No, try it yourself with that code in an executable and use a debugger. Without .p2align 3
before start3
, it will be misaligned. 2 + 8 = 0xa, not 0x10. The assembler just emits bytes into the output according to your directive, and .quad
doesn't imply alignment.
As for the main part of question: no, a 1-byte load logically accesses just that 1 byte. e.g. if you were loading from an MMIO address, the device would only see that 1-byte access, not a qword access.
I already know the alignment of my CPU which is 8-bytes alignment.
There is no sense in which this is true, except for performance advantages of 8-byte loads. x86-64 can do 1, 2, 4, 8, or 16-byte loads. (And with AVX or AVX-512, 32 or 64-byte loads as well.) But it allows unaligned loads for any of these sizes. Some forms of 16-byte loads (like SSE memory operands) require 16-byte alignment, but nothing below 16 does. (There is an Alignment Check (AC) flag you can set in EFLAGS, but it's not very usable most of the time because compilers and libc implementations of memcpy freely use unaligned accesses.) Even microarchitecturally, modern x86 hardware truly does efficient unaligned accesses to its caches.
For cacheable RAM, what the CPU does internally isn't visible except via performance, but is logically equivalent.

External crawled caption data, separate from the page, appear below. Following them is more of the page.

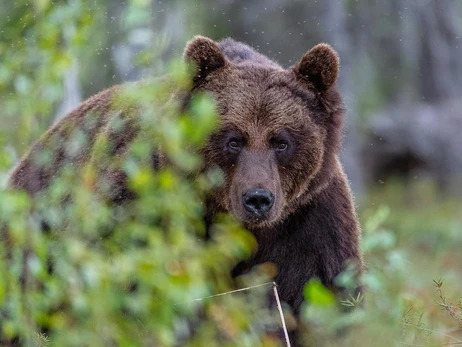 В Украине участились встречи с медведями – вернулись в места, где их не было сто лет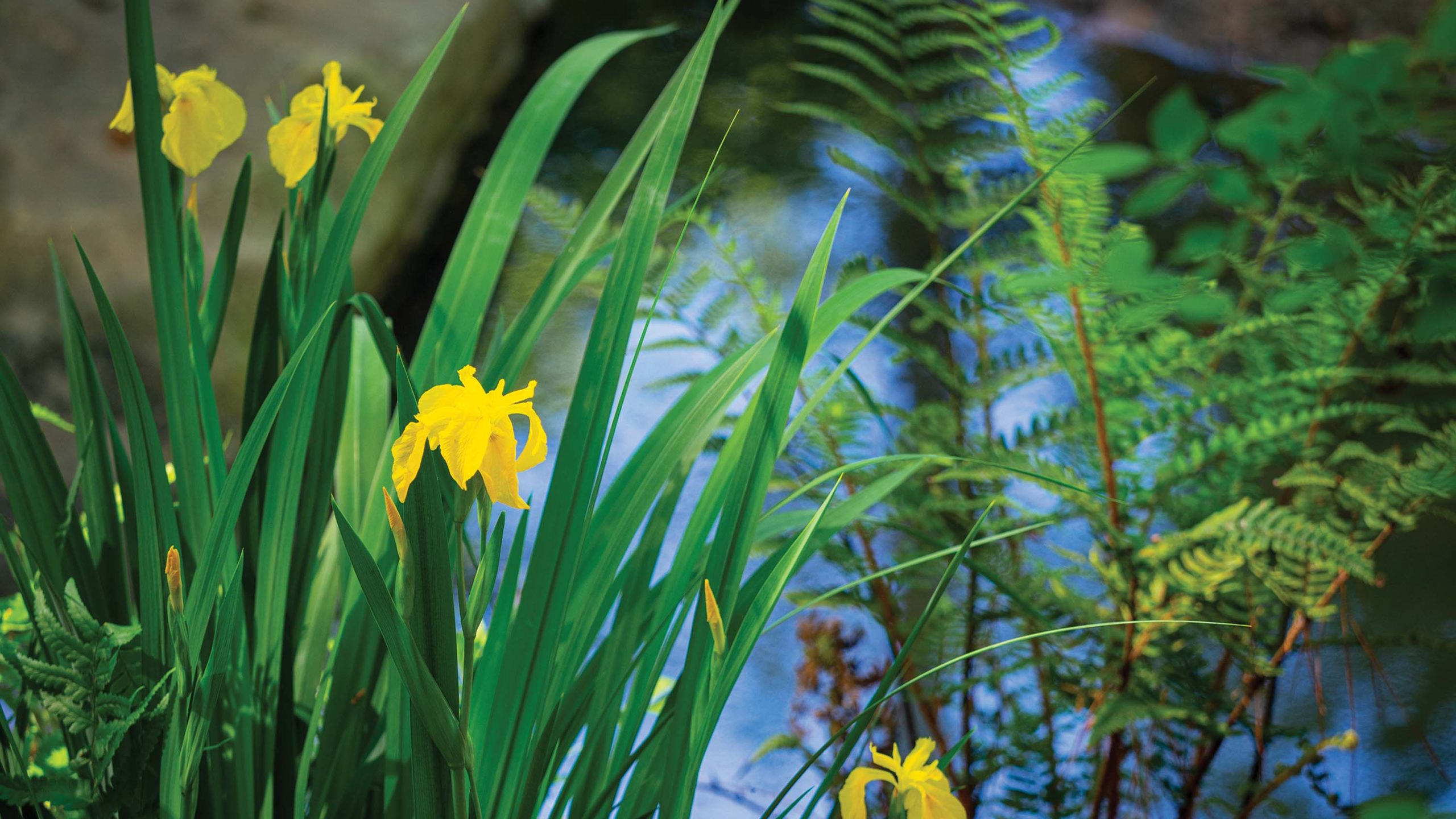 Blooming yellow flag iris with ferns in the background.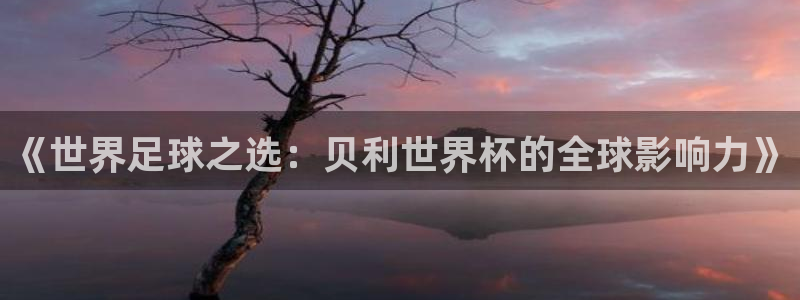 英足总杯直播：《世界足球之选：贝利世界杯的全球影响力》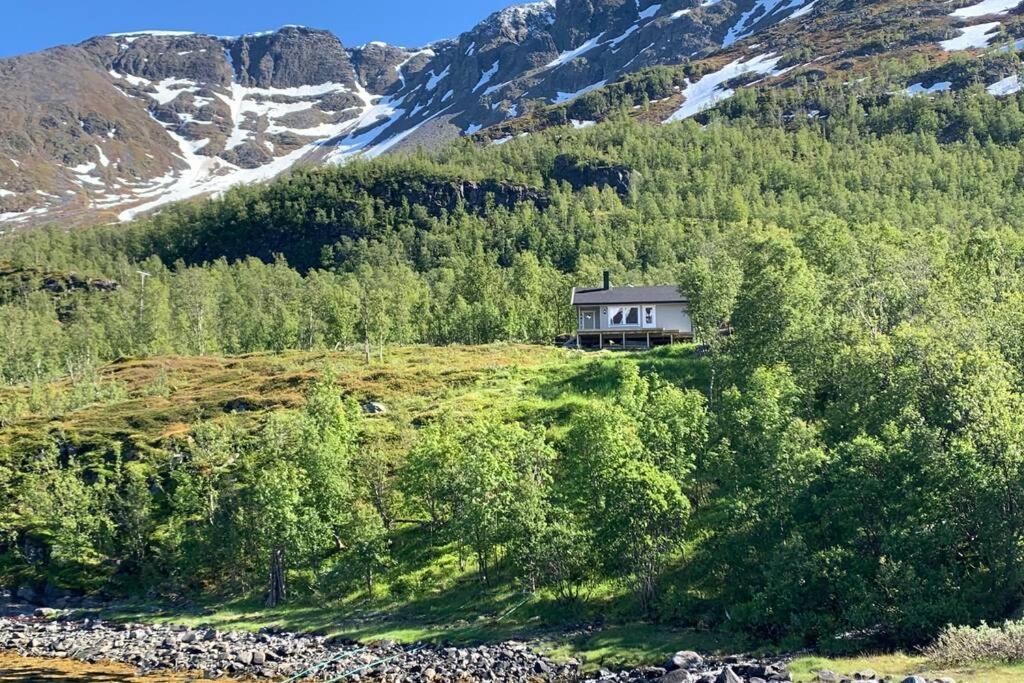 Cabin In Jokelfjord Villa Luaran gambar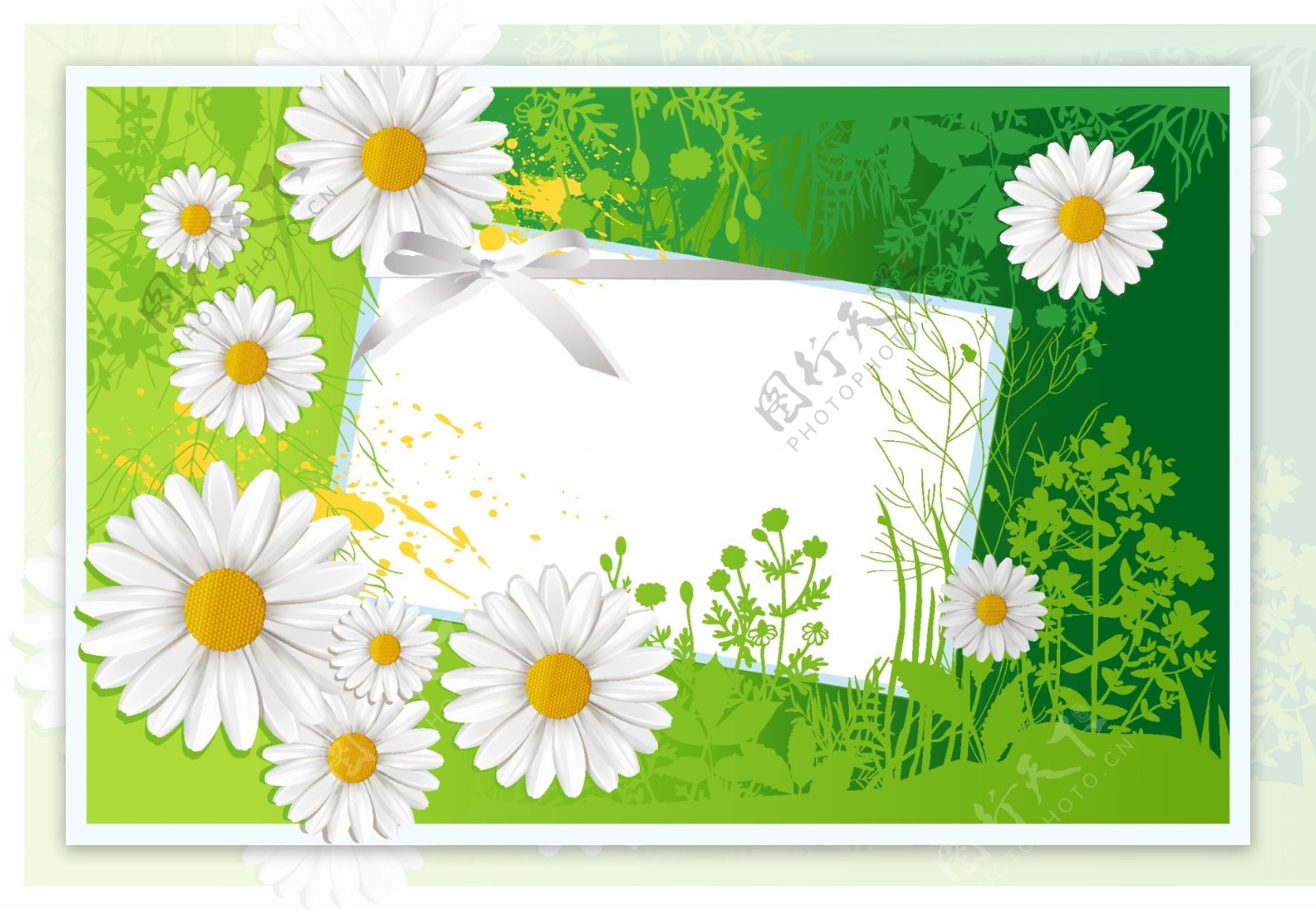 绿草菊花卡片图片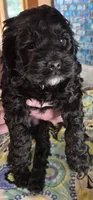 Rocket, a male Cockapoo and Poodle - Miniature  for sale in Tallassee, AL – 3 of 4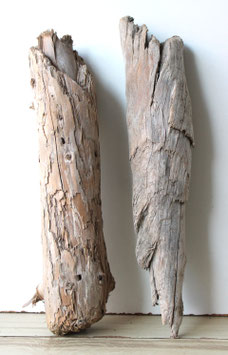 Treibholz Schwemmholz Driftwood 2 knorrige  Hölzer Garten Terrarium Dekoration Garten 41-45 cm **E196** (TR1225)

In modern x86 CPUs, it's actually a whole 64-byte cache line that's loaded from RAM. But we can more or less prove that even the hardware is doing single-byte accesses to cache because byte stores don't cause store-forwarding stalls for adjacent loads, and other factors. See Can modern x86 hardware not store a single byte to memory?

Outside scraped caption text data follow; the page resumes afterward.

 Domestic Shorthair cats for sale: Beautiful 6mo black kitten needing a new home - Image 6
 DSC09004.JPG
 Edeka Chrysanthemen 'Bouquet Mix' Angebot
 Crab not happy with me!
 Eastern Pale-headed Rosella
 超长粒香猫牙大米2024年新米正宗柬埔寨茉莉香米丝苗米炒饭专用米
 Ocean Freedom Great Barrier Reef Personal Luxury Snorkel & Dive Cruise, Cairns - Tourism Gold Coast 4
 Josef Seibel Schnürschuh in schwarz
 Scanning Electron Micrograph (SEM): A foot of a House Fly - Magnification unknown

Note that some non-x86 CPUs do have slower cache access for single-byte store or even load. (Are there any modern CPUs where a cached byte store is actually slower than a word store?). x86 CPUs are designed for efficient unaligned and single-byte accesses so software keeps using them. But on ISAs that historically haven't supported unaligned accesses, like MIPS or to some degree ARM, software usually avoids unaligned access so there's less benefit to hardware spending a lot of transistors to make it fast.

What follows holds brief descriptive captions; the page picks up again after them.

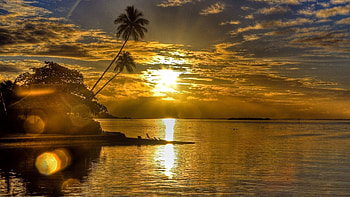 Nature, Sunset, Sun, Palms, Glare, Island, Bungalow HD wallpaper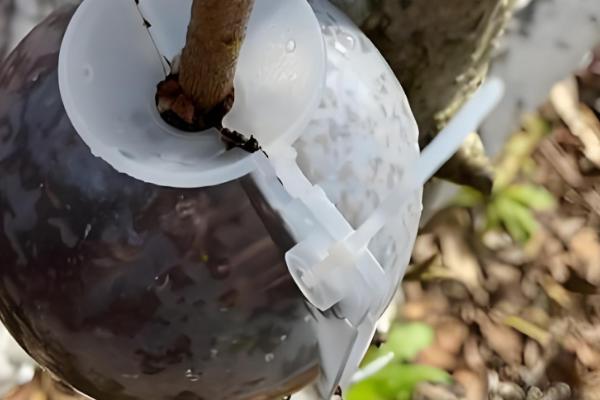 绣球怎么扦插,把半木质化的健康枝条插入土壤中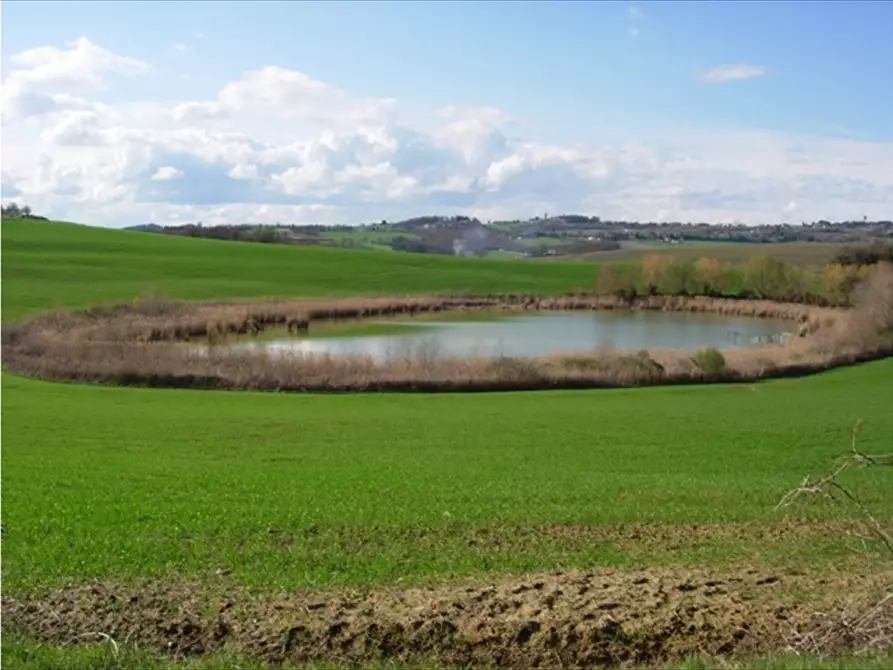 Immagine 2 di Multiproprietà in vendita  a Acquasparta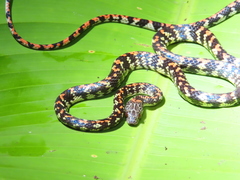 Siphlophis cervinus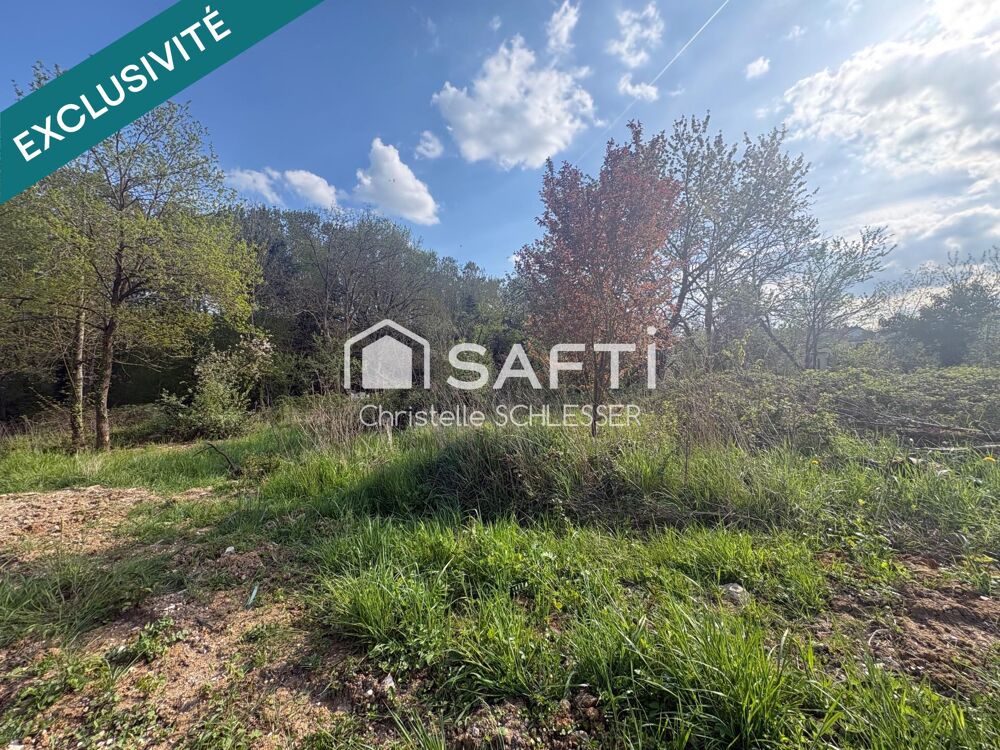 Vente Terrain RARE : Terrain d'exception en lisière de bois – Saint-Nicolas-de-Port Saint-nicolas-de-port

(Also, current x86 designs have targeted a use-case where spending more transistors and power for minor speed gains is desirable, while most ARM designs haven't. Also the factor of x86 CPUs trying to speed up things that existing binaries do, with less hope of getting people to recompile or redesign software to avoid things like unaligned access. All that said, modern ARM / AArch64 has reasonable unaligned / byte access I think, but not zero-penalty the way modern x86 does for any load that doesn't span a cache-line boundary.)
Footnote 1: Note that this applies to asm; if you're writing in C, the language / ABI rules apply until the compiler has actually nailed down the asm. See Why does unaligned access to mmap'ed memory sometimes segfault on AMD64? for an example where misaligned C pointers violate the compiler's assumptions in a way that causes a problem when compiling for x86-64.